At Yamunotri & Gangotri, the pilgrims are cleansed body & soul and with having achieved purity in that sense, pilgrims to Sri Kedarnath becomes most rewarding. It is also customary to worship Lord Shiva with water of Ganga, which pilgrims going from Gangotri as well take some there to Kedarnath. Kedarnath is the seat of Lord Shiva. It is one of the twelve “Jyotirlingas” of Lord Shiva. Lying at an altitude of 3584 m at the head of river Mandakini, the shrine of Kedarnath is amongst the holiest pilgrimage for the Hindus. It is no wonder that Adi Guru Shankaracharya - a great scholar & saint, chose to enshrine Lord Shiva in this land, where the unholy becomes holy and the holy becomes holier. It is the place where Lord Shiva absolved Pandavas from the sin of killing their own cousins Kauravas in the battle of Kurukshetra. The origin of the revered temple can be found in the great epic Mahabharat. The holiest of Shiva’s shrines is linked to Gold among base metals so that every pilgrims finds peace here, and it is said that devotees who die here become one with Shiva himself. Beyond the temple is the highway to heaven, called Mahapanth.

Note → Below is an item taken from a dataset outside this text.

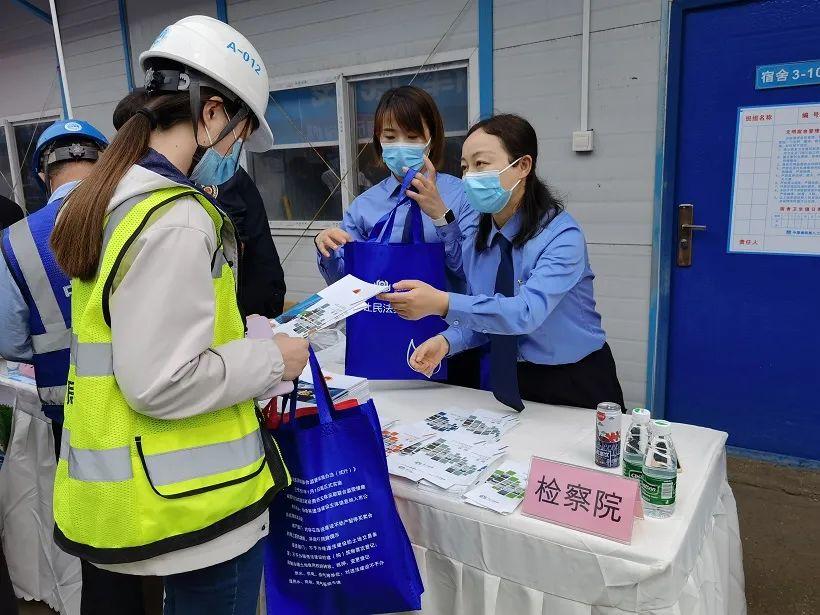 浦口区司法局深化法治建设，服务群众新项目的实践探索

According to legend, the place came into being during the period when the five Pandavas brothers were asked to seek Shiva’s blessings purging them of the sin of killing their cousins. Lord Shiva unwilling to give darshans to the Pandavas freed Kashi to live incognito in Guptkashi, where eventually he was detected by the Pandavas. While fleeing Shiva took refuge at Kedarnath in the form of a bull and started to plunge underground when he was spotted by the Pandavas. He dived into the ground, leaving behind his hump on the surface. No wonder the natural rock formation that is worshipped here resembles the hump of a bull. Thus Shiva pleased with the determination of the Pandavas, exonerated them from their sin, gave them darshan & bestowed upon them the opportunity to worship his hump. The other four places where Shiva is worshipped take their appearance from different parts of his body -the naval at Madmaheshwar, the arms at Tungnath, the face at Rudranath, and the matted hair at Kalpeshwar. The latter four along with Kedarnath are known as the Panch Kedars.

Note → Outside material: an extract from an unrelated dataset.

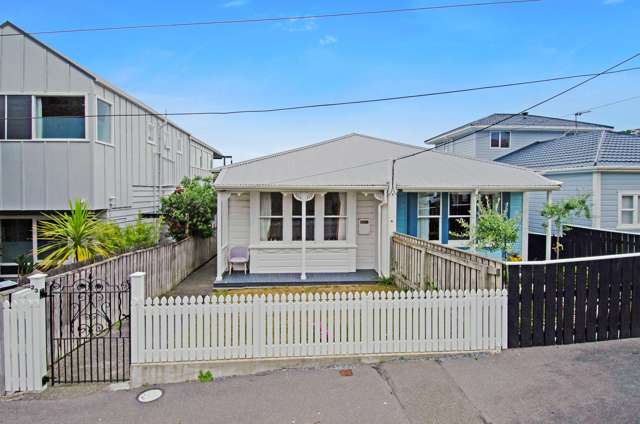 YOUR ISLAND BAY LIFESTYLE STARTS HERE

Badrinath Dham is one of the oldest of Hindu places of worship. On the right bank of the river Alaknanda lies the sacred shrine perched at an altitude of 3133m above sea level, guarded on either side by the two mountain peaks Nar & Narain with the towering Neelkanth peak providing a splendid back-drop. Also known as the Vishal Badri, the largest among the five Badris, it is revered by all as the apt tribute to Lord Vishnu.

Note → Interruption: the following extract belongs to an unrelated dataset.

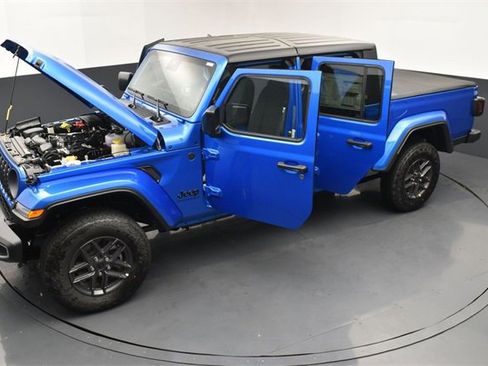 New 2025 Jeep Gladiator Sport image 26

Badrinath is devoted to the worship of Vishnu, who according to an amusing tale, usurped this place from Shiva. For Vishnu had come here as the gods once did, to offer penance. He loved the place so much that he plotted to unseat Shiva from his meditation here. He took on the form of a beautiful child and began to wail. Shiva’s wife, Parvati, picked him up but could not calm the child. Since his wailing continued to disturb Shiva, he shifted to Kedarnath in exasperation, leaving the spot free for Vishnu to occupy. But reminders of Shiva’s stay continue to linger, most visible in the name, Badri, a kind of berry that Shiva was most fond of and the gigantic tree, invisible to the mortal eye, that served Shiva. Legend also has it, when the Ganga was requested to descend to earth to help the suffering humanity, the earth was unable to withstand the force of its descend. Therefore the mighty Ganga was split into twelve holy channels, Alaknanda was one of them that later became the abode of Lord Vishnu or Badrinath.When the sage Narad disapproved of Lord Vishnu’s way of living in worldly comforts, he was hurt and sent his spouse to nagkanyas. He himself decided to disappear in the Himalayan valley-whose peaks make for some of the most enticing manifestations of God’s creations.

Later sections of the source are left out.